_LISTED ENTRIES_
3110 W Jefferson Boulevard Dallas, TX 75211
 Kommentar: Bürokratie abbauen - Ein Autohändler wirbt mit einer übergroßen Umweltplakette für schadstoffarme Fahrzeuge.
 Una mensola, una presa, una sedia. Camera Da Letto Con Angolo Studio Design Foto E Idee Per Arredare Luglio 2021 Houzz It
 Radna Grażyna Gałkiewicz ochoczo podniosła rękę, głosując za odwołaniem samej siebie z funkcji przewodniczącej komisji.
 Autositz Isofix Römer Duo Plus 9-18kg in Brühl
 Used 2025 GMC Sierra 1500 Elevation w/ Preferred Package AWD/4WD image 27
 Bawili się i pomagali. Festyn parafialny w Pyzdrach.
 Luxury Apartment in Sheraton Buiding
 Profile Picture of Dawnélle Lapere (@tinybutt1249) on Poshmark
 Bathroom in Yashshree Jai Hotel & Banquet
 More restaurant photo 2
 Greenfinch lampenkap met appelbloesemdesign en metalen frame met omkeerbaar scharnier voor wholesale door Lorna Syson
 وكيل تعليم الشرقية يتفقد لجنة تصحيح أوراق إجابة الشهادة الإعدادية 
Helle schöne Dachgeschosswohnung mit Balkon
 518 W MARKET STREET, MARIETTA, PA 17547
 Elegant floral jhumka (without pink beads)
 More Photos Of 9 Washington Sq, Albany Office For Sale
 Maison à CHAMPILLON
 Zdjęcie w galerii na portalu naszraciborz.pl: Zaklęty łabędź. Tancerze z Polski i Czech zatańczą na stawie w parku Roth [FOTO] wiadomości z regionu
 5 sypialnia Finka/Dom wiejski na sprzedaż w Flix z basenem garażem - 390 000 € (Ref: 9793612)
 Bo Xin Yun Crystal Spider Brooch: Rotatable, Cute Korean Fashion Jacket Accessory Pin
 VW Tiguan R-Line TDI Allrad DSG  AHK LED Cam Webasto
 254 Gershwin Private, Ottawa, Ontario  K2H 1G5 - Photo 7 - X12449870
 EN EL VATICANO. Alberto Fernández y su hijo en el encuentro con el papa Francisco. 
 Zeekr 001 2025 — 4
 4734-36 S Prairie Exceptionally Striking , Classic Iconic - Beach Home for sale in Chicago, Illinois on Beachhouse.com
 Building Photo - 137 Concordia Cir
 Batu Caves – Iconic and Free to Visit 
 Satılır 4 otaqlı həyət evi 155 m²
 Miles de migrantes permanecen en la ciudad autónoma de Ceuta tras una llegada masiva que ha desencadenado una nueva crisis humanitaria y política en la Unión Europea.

_WHAT TO WORK ON_
Word for word, retype the lines from the one containing "Batu Caves – Iconic and Free to Visit" through the final line of the data, including both ends and nothing more.

_RESULT_
 Batu Caves – Iconic and Free to Visit 
 Satılır 4 otaqlı həyət evi 155 m²
 Miles de migrantes permanecen en la ciudad autónoma de Ceuta tras una llegada masiva que ha desencadenado una nueva crisis humanitaria y política en la Unión Europea.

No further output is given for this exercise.